Don’t open that box!
There are people around here who scream bloody murder if anybody posts anything that even remotely spoils something they haven’t gotten around to reading/watching/eating. Even if said something was completed decades, nay centuries ago. Best to just spoiler your whole post and leave them guessing!
There is a chronicly overdo Last Dragonslayer book, too.
A reasonable amount of time must pass. More than five months. Less than seventy-eight years.
First one was only published in 1996, actually. Gaps between books:
1-2: 2 years
2-3: 2 years
3-4: 5 years
4-5: 6 years
5-6: Unkown, currently at 8 years with no date set
I sensed a spoiler coming, so I scrolled past as quickly as I could. But I’m one of those “I’ve been too busy with kids and work; I’ll watch that when I’m retired” people.
So I go through major mental gymnastics to avoid plot points for The Sopranos, The Wire, Mad Men, Battlestar Galactica (both of 'em)…
… and Lost in Space (do NOT tell me how Dr. Smith dies!) (or Jack Bauer or Darren Stevens or Gilligan).
I’d love to see more of Hornblower and the Crisis: who “completed” it?
Shodan, here’s a site where you can read “Hornblower and His Majesty”; I don’t remember where I found the other 2 but I think it was on a Russian site?
As for books that we’ll never see: the last of Sue Grafton’s Kinsey Milhone alphabet series; I don’t think that she even had a title for it.
And Jane Austen’s Sanditon and The Watsons, both of which have been “completed” by later authors, but IMHO not very well.
The OP mentioned Donald Kingsbury. Well, he apparently spent 20 years writing Courtship Rite and in the meantime has published Psychohistorical Crisis clearly an extension of Asimov’s Foundation series (except with all the names changed to avoid copyright problems–for example, Trantor was changed to Splendid Wisdom). He never mentioned to me that he was working on a sequel to Courtship Rite. We were colleagues, although both long retired.
I rather doubt that Steve Brust will ever finish the last five books of the Vlad series. He seems to have lost interest and is currently working on the sixth Khaavren romance. And he smokes like a chimney.
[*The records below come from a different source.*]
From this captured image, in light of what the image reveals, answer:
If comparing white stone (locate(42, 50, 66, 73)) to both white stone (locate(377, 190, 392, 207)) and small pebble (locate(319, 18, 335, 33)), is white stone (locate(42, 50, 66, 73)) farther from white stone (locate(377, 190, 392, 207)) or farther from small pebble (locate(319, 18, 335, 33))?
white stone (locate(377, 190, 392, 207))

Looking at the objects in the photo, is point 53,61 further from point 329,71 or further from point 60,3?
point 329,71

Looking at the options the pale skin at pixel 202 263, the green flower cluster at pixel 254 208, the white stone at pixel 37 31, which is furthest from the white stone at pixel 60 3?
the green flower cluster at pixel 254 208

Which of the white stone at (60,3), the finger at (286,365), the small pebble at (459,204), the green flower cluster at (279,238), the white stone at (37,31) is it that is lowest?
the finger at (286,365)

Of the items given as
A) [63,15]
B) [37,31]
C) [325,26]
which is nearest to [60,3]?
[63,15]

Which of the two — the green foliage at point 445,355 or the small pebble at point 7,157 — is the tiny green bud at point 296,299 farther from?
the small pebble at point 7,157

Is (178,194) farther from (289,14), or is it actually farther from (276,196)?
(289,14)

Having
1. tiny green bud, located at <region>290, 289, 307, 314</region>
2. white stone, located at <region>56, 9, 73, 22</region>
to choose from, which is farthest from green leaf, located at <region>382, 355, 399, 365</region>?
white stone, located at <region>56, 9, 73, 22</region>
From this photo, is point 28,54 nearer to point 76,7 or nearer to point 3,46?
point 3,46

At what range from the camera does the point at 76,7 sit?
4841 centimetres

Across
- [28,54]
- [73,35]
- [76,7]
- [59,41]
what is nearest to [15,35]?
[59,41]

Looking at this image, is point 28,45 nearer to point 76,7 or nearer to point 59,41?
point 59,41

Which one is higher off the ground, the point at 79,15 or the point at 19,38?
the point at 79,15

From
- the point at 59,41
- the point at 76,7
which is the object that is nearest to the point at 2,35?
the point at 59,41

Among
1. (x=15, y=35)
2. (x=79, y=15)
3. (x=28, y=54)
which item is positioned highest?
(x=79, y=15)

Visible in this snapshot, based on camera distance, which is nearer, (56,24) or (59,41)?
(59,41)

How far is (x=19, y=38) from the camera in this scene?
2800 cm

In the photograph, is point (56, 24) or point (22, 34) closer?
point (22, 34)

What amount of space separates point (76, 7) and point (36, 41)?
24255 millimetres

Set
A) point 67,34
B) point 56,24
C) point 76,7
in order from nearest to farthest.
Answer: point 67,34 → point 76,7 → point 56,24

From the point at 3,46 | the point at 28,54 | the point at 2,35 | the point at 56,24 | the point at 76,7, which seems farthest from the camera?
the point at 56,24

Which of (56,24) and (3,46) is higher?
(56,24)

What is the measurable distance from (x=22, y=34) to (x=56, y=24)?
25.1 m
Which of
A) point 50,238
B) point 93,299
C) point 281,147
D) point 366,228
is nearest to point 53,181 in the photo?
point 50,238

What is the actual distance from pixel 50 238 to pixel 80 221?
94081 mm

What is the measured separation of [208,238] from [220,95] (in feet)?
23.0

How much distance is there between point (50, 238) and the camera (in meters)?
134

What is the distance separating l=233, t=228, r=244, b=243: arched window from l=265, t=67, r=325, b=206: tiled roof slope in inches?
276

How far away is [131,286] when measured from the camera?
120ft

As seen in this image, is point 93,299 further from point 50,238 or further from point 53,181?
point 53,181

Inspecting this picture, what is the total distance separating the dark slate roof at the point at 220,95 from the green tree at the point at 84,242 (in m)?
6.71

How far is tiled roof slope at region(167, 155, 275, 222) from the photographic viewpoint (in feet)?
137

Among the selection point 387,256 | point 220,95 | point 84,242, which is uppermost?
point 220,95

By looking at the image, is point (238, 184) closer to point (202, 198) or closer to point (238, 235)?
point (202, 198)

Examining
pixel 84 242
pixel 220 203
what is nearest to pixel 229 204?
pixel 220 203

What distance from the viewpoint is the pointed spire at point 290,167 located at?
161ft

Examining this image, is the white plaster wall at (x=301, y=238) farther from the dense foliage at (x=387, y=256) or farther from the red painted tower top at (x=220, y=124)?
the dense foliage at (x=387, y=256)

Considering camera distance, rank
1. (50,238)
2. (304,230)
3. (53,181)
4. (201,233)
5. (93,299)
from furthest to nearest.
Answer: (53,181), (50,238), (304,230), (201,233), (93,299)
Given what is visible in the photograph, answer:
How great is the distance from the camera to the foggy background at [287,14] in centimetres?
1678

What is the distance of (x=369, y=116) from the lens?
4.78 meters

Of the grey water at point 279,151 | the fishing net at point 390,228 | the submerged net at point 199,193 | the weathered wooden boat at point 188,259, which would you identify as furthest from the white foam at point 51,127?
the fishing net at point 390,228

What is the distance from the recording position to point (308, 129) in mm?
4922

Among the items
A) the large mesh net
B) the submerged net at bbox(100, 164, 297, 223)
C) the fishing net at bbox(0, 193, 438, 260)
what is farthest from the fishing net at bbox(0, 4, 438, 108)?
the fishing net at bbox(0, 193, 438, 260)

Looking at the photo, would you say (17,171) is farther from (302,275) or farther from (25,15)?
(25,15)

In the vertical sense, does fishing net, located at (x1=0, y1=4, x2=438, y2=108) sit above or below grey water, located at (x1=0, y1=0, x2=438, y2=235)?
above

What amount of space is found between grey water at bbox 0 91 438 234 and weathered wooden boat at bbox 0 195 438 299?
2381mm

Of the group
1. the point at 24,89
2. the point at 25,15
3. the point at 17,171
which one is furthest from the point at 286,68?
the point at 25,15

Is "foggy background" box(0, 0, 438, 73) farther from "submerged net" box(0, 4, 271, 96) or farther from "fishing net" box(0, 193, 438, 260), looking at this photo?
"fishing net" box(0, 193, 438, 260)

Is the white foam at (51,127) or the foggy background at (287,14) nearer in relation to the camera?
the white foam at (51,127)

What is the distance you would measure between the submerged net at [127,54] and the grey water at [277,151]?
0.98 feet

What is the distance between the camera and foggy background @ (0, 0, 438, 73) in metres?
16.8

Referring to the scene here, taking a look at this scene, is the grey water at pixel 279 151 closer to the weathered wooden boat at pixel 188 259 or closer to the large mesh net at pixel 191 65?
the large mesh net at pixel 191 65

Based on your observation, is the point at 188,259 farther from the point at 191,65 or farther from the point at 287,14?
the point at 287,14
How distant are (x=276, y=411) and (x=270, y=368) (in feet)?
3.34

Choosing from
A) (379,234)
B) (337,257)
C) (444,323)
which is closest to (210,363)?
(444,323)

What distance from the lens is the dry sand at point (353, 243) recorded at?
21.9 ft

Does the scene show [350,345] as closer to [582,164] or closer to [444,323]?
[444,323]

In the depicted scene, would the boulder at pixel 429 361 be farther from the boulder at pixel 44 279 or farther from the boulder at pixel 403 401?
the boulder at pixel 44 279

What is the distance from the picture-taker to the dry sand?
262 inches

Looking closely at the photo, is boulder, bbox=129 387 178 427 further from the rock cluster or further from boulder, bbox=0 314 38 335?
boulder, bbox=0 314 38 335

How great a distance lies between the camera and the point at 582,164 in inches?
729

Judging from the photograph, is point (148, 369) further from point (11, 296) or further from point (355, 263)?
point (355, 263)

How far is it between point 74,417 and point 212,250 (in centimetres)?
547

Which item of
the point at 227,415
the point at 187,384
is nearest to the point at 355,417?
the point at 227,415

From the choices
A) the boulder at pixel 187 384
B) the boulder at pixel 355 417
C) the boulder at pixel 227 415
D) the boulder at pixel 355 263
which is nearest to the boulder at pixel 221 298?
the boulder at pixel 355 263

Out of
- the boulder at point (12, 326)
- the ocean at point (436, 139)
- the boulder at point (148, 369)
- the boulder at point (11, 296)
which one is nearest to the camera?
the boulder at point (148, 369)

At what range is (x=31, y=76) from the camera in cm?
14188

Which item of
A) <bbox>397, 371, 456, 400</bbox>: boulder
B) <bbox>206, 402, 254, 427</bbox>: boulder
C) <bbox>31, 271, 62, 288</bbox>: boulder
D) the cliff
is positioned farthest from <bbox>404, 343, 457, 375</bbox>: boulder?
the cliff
I wish Sharon Shinn would write the obviously required fifth book of her elemental blessings series, but she told me she has no intention of doing so.
And I wish Laura Anne Gilman would write another couple of Wren stories, but I guess she has no intention of doing so. Or more Bonnie stories. She has about the most sympathetic heroines around. As does Sharon Shinn.
Peace Talks (the next book in the Dresden Files series) is done and in the hands of the publisher. It should be out next year.
Jim Butcher had a whole lot of crap going on in his life (divorce, his dog died, his new house construction was delayed by a massive amount due to incompetent contractors, etc.) that made it difficult for him to write. He’s back on track now, so I think we’ll start seeing the books coming faster.
Aye. :mad:
Stephen R. Donaldson (yes, him) will prolly never write another Mick Axebrewder book even tho he says he’s working on one.
As long as he gets back to the Cinder Spires sometime soon I’ll forgive him the delay on the Dresden Files.
Kingsbury has completed drafts of the book and publishers have seen it so the manuscript does exist in some form.
It’s apparently one of the earliest things he wrote. I found a 1982 interview where he spoke of it and at that point he said he had been “polishing the manuscript” for thirty-five years. In a 2006 article, he said he was still working on it.
The Finger Pointing Solward may not really be a sequel to Courtship Rite. The two novels share a common background; The Finger Pointing Solward was written first but is set later than Courtship Rite.
So we apparently have a novel that’s been around in some completed form since 1947 but still is being revised for publication.
I linked to two of the completed versions in post #34.
The C. Northcote Parkinson book is available here.
NM
Can we include movies?
I doubt we’ll ever see:
- History of the World part II
- Spaceballs III - The Search For Spaceballs II.